Columbia University adopts controversial IHRA definition of anti-Semitism
The embattled US university says it has formally adopted the definition of anti-Semitism promoted by the International Holocaust Remembrance Alliance (IHRA), which classifies criticism of the state of Israel as anti-Semitic.
The move comes as Columbia carries out negotiations with the Trump administration to restore $400m in federal funds.
The IHRA, on its website, says manifestations of anti-Semitism “include the targeting of the state of Israel, conceived as a Jewish collectivity”. Examples of this, according to the IHRA, include “denying the Jewish people their right to self-determination, eg, by claiming that the existence of a State of Israel is a racist endeavour” or “applying double standards by requiring of it [Israel] a behaviour not expected or demanded of any other democratic nation”.

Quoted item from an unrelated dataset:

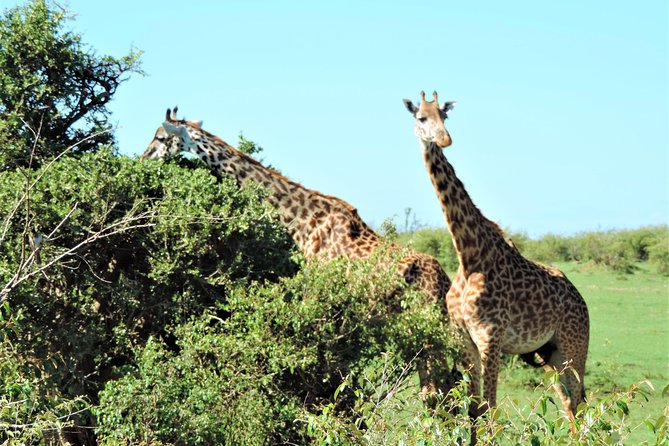Elephant Orphanage and Giraffe Center Nairobi Day Tour - Getting from the airport without losing your morning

Experts and human rights groups say the IHRA definition is problematic because it conflates legitimate criticism of Israel with anti-Semitism.
In April 2023, more than 100 civil society organisations wrote to the UN urging it not to adopt the IHRA definition.
The group, which included Human Rights Watch, Amnesty International, and Israeli groups such as B’Tselem and Gisha, said the definition could be used to label as anti-Semitic “documentation showing that Israel’s founding involved dispossessing many Palestinians; or arguments, also made by some Members of the Israeli Knesset, to transform Israel from a Jewish state into a multiethnic state that equally belongs to all of its citizens – that is, a state based on civic identity, rather than ethnic identity”.
The group also noted that the example on “applying double standards” opens the door to labelling as anti-Semitic anyone who focuses on Israeli abuses, as long as worse abuses are deemed to be occurring elsewhere.
Even the author of the IHRA definition, Kenneth Stern, has expressed concern over right-wing Jewish groups “weaponising” it to silence critics of Israel.
And on the other hand weakening the actual definition of anti-semitism.